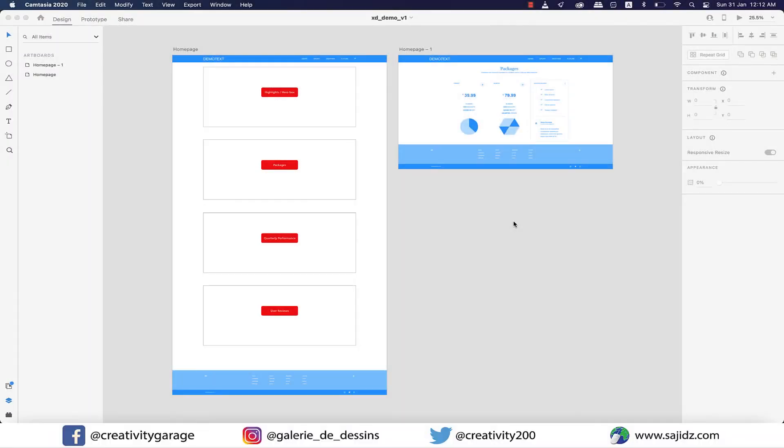Hello friends and assalamu alaikum. Today's video is in continuation with the last XD video in which we spoke about connecting two artboards or prototyping. So today we have overlay in our plate, so let's get started.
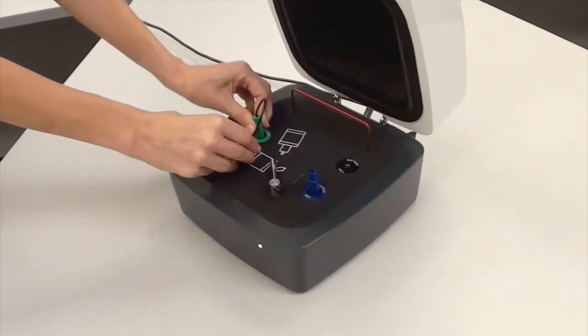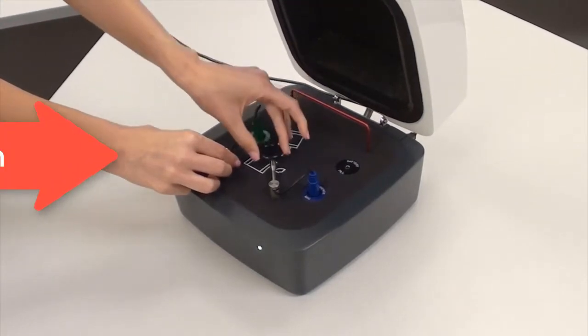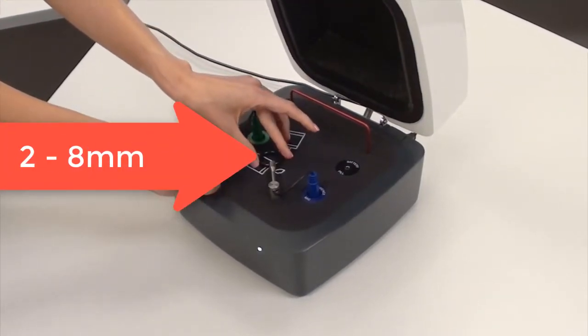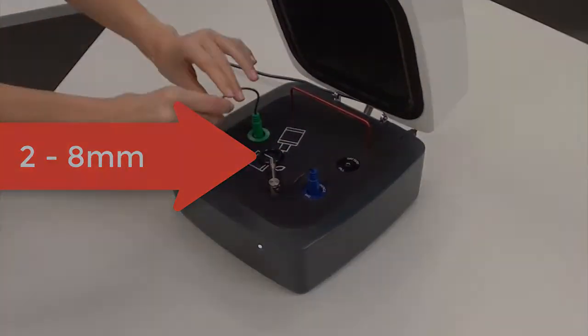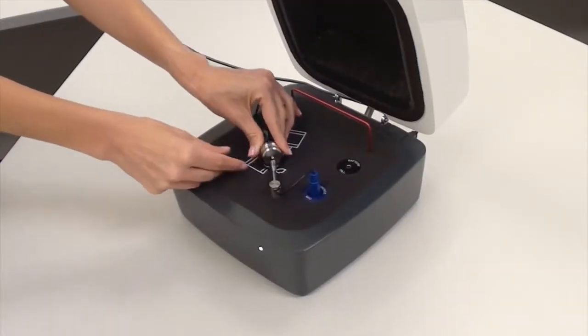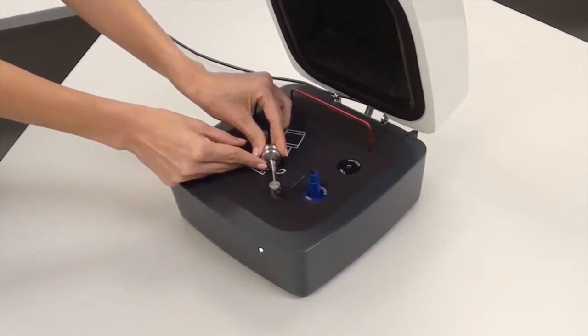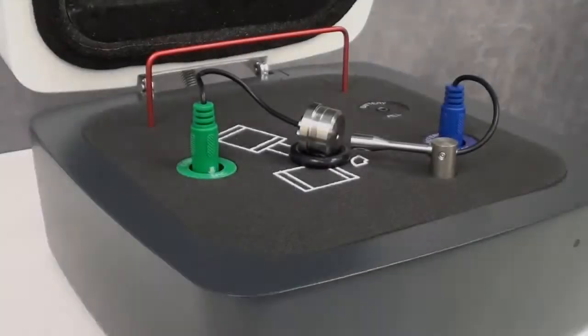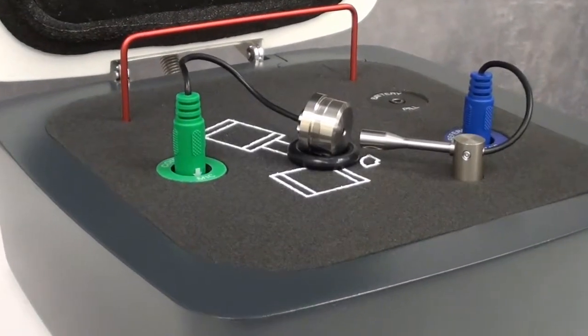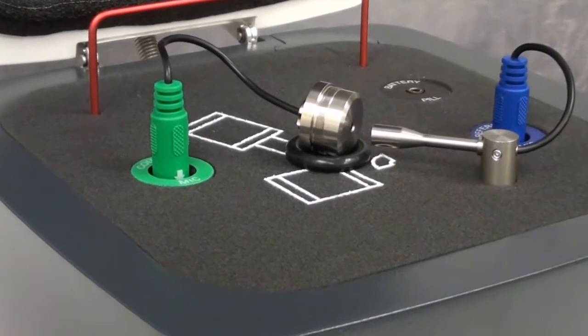Next, place the coupler microphone between 2 and 8 millimeters from the reference microphone. You should raise the coupler microphone to the same level as the reference microphone using the large o-ring that was included in the kit.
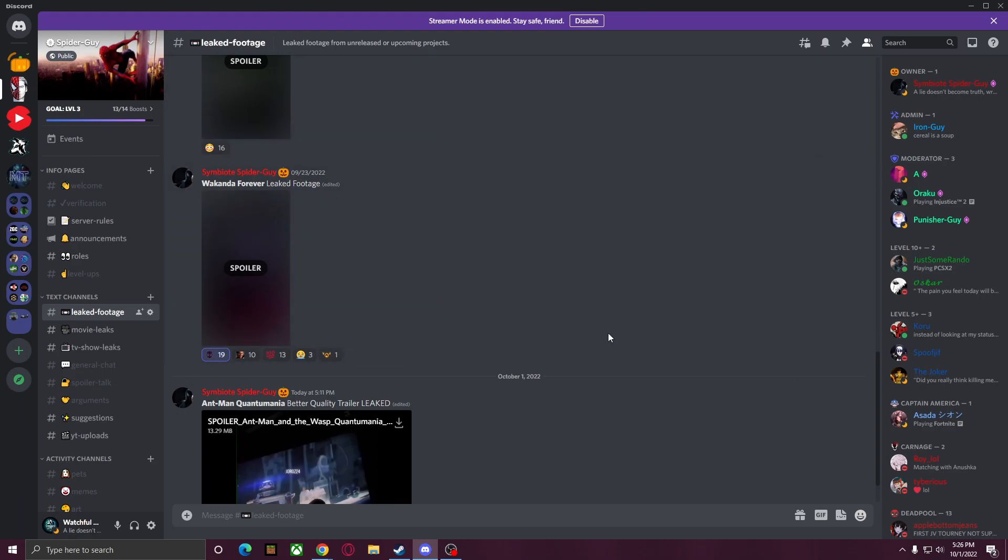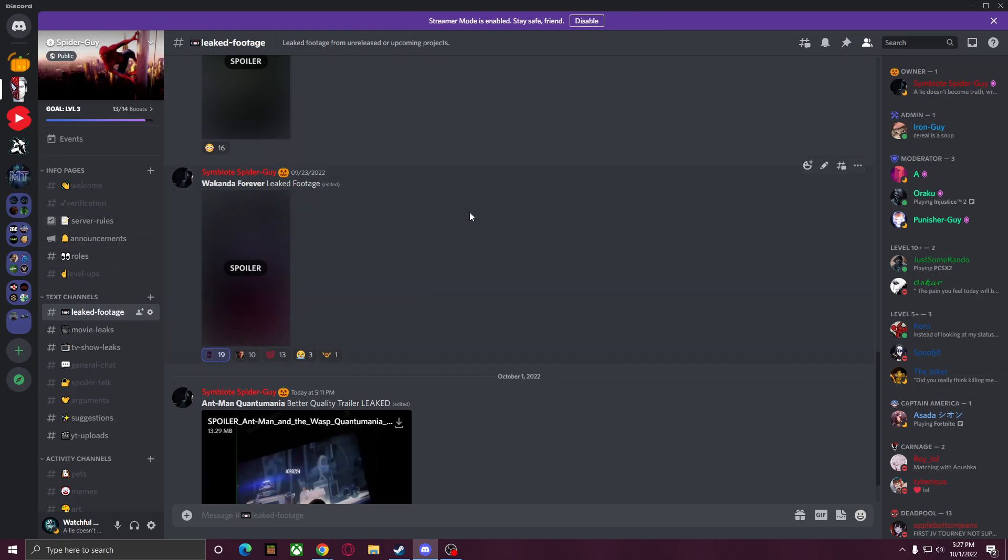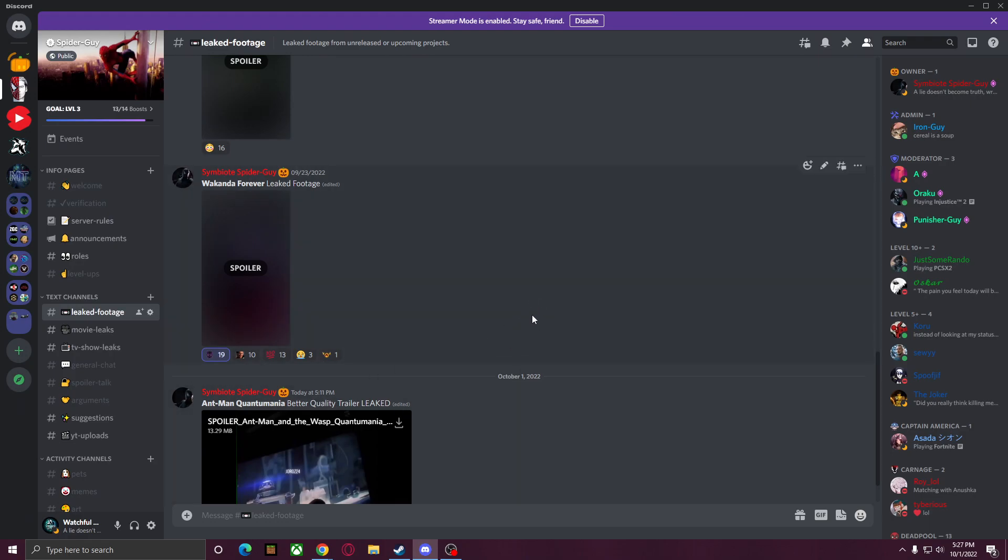All you have to do is come join our Discord, and in our Discord we have 22,000 plus members currently. You just want to find our leaked footage tab, you might have to verify yourself first though, and I will link how to join our Discord in the description down below if you guys need help.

• TASK STATEMENT: Line by line, return the listing above exactly, leaving out its pictures.

• TASK ANSWER:
Hello friends and assalamu alaikum. Today's video is in continuation with the last XD video in which we spoke about connecting two artboards or prototyping. So today we have overlay in our plate, so let's get started.
Next, place the coupler microphone between 2 and 8 millimeters from the reference microphone. You should raise the coupler microphone to the same level as the reference microphone using the large o-ring that was included in the kit.
All you have to do is come join our Discord, and in our Discord we have 22,000 plus members currently. You just want to find our leaked footage tab, you might have to verify yourself first though, and I will link how to join our Discord in the description down below if you guys need help.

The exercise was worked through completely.